This came up in a conversation today. What’s the right way to handle time series data when the index variable is continuous?
I’m only aware of the Gaussian process model, general regression models with the CAR correlation function for residuals, and some of the usual moving-average models that you can find in any old time series book.
Gaussian processes are obviously the most popular (right now), due in part to the publicity that they get on Gelman’s blog, and in BDA3. But GP models make me a bit nervous for a few reasons:
The likelihood is not identified, so strong priors are recommended
Fitting GP models is time consuming. I think it takes something like \(n^{2}\) or \(n^{3}\) steps to fit the model. This won’t work on my problems with \(100,000\) obs.
I’d rather not have to think about which correlation structure to use. The default for many people seems to be the quadratic exponential structure, but it’s unclear to me what’s so great about it, aside from the fact that it looks like a Normal kernel and may have some computational advantages. Maybe that’s enough to get to be a default. (After all, statistics is the science of defaults, ha).
I think generalized additive models are a great alternative to GP models. They are faster to fit than GP models and identified given some reasonable constraints. I do not think they are as flexible as GP models, but they are quite good enough (last least in my experience.)
As a small mathematical bonus, we have that GAMs are just a special case of GP models (Kimeldorf and Wahba, 1970).
Modeling w/ time
I like to think about two ways to handle time series data:
Model the changing function directly through the linear predictor
Account for the corrected errors by imposing some correlation structure on the covariance matrix of the residuals.
Option 1 means do better regressions. Option 2 is less common, but Pinheiro and Bates’ nlme book has great tips for how to approach this using their R package, which is my sole experience with correlation matrix modeling.
Research questions
As always, whatever you use to model time series data, I think the research question is the most important thing, and should come first. You want to pick a method that helps you answer the most important research questions.

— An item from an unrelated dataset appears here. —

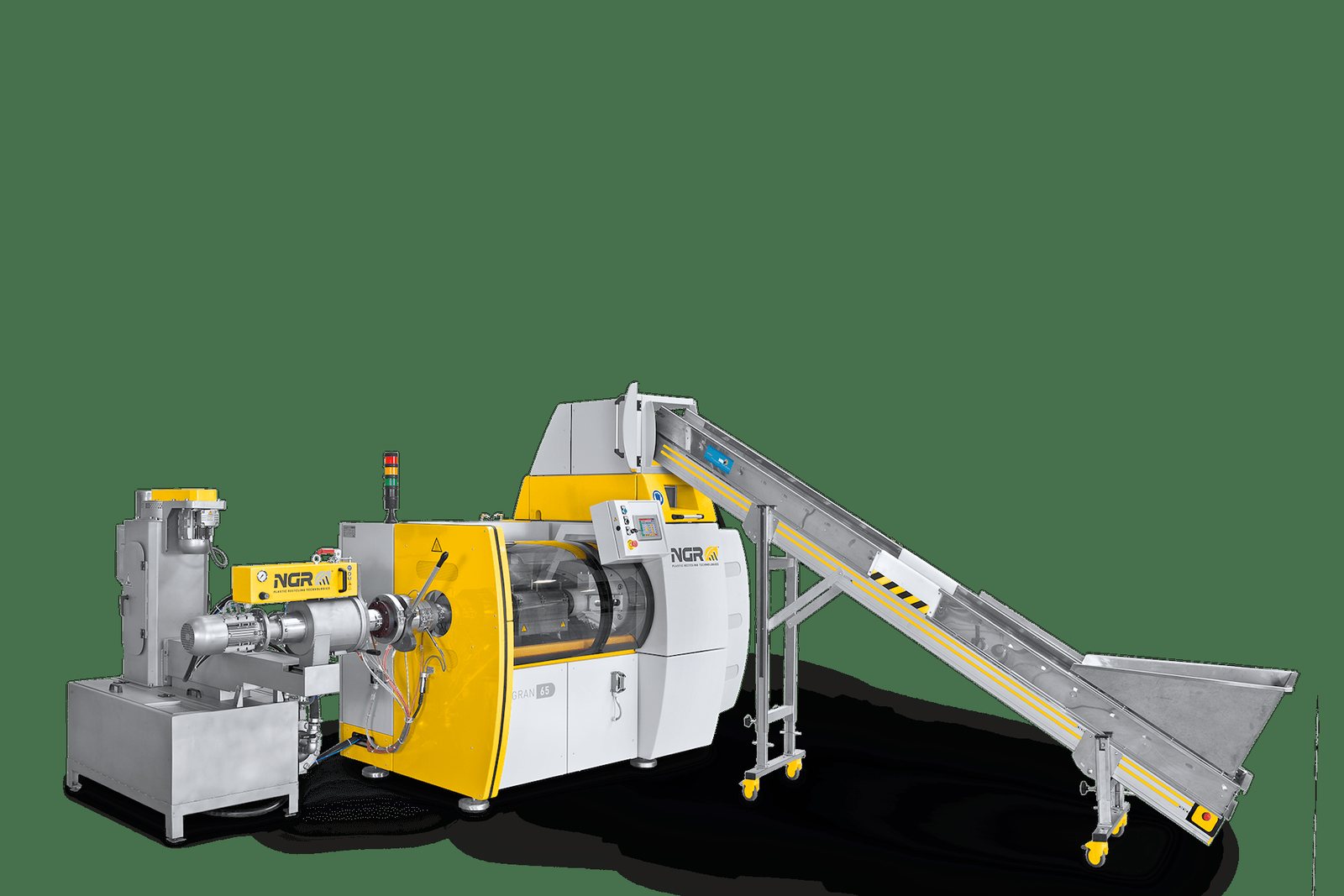 NGR A:GRAN shredder-feeder-extruder with infeed conveyor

And you hope that the model you use to answer the question will produce outcomes that are easy to communicate.
Unfortunately with time series data, it seems that it’s easy to lose track of the research question in favor of just finding a model that fits the data nicely. I don’t know what it is: perhaps the fact that models get so complicated that they become practically useless for answering simple questions?
Of course, a nice fit doesn’t mean we can just generalize from sample to population willy-nilly… so more potential troubles.